The United States Court of Appeals for the First Circuit confirmed yesterday that the government must bear the burden of proof in immigration bail hearings. The decision affirms a key holding in a landmark class action filed in Boston federal court in 2019 by the ACLU of Massachusetts, the ACLU of New Hampshire, the National ACLU, and Boston law firm Mintz.
Many immigrants are eligible for release on bail or conditions during their immigration court proceedings. In 1999, the Immigration Courts initiated a “detention by default” system, in which the government jailed people for the duration of their immigration proceedings without making any showing that that detention was necessary. Instead, to secure release, the immigrant bore the burden to prove a negative: that they are not a danger or flight risk.
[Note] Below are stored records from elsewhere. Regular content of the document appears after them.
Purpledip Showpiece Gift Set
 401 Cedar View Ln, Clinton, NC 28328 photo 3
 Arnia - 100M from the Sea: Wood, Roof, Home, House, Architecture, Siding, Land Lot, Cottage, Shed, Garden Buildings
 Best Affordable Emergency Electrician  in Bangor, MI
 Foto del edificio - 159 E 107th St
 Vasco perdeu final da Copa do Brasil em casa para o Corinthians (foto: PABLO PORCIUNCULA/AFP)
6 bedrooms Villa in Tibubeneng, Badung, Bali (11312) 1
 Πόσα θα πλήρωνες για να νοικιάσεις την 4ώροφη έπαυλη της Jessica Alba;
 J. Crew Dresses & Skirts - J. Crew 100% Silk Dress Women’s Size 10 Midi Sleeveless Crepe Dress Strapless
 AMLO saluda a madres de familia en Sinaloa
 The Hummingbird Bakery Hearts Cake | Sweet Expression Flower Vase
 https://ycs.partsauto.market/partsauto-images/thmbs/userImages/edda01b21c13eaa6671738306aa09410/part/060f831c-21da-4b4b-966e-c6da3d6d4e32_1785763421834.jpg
In 2018, the ACLU and its cooperating counsel successfully advocated in an individual case in Boston federal court that the government must bear the burden of proof in immigration bond hearings. The government, however, continued its unlawful practices. Consequently, in 2019, the ACLU and Mintz secured a first-of-its-kind class action victory that ended the government’s “detention by default” practice throughout New England. The Trump administration appealed that class action victory in 2020. While that appeal was pending, the court of appeals ruled that the government must bear the burden of proof in an individual case brought by the ACLU of New Hampshire.
Dan McFadden, staff attorney at the ACLU of Massachusetts, today released the following statement in response to the new First Circuit decision:
“For 20 years, immigration authorities systematically jailed people in violation of their constitutional right to due process of law. This new decision confirms that the federal court in Boston correctly put an end to two decades of flawed proceedings in the immigration courts that unlawfully deprived countless people of their liberty. Thousands of immigrants throughout New England have already benefited from this class action victory, and we are gratified that the court’s declaration will continue to protect many more people for years to come.”